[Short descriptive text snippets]
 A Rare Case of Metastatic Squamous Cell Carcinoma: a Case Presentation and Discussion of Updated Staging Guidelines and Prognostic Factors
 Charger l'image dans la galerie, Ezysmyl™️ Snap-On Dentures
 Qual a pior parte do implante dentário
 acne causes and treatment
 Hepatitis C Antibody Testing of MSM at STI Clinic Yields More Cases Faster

...

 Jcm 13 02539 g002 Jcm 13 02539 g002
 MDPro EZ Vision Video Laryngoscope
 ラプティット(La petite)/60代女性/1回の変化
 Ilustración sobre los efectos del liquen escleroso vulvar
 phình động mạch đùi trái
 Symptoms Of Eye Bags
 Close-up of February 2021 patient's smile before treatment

• **Problem details**
From the line that has "acne causes and treatment" through the line that has "Hepatitis C Antibody", copy every line exactly as it appears above, and leave out all others.

• **Solution**
 acne causes and treatment
 Hepatitis C Antibody Testing of MSM at STI Clinic Yields More Cases Faster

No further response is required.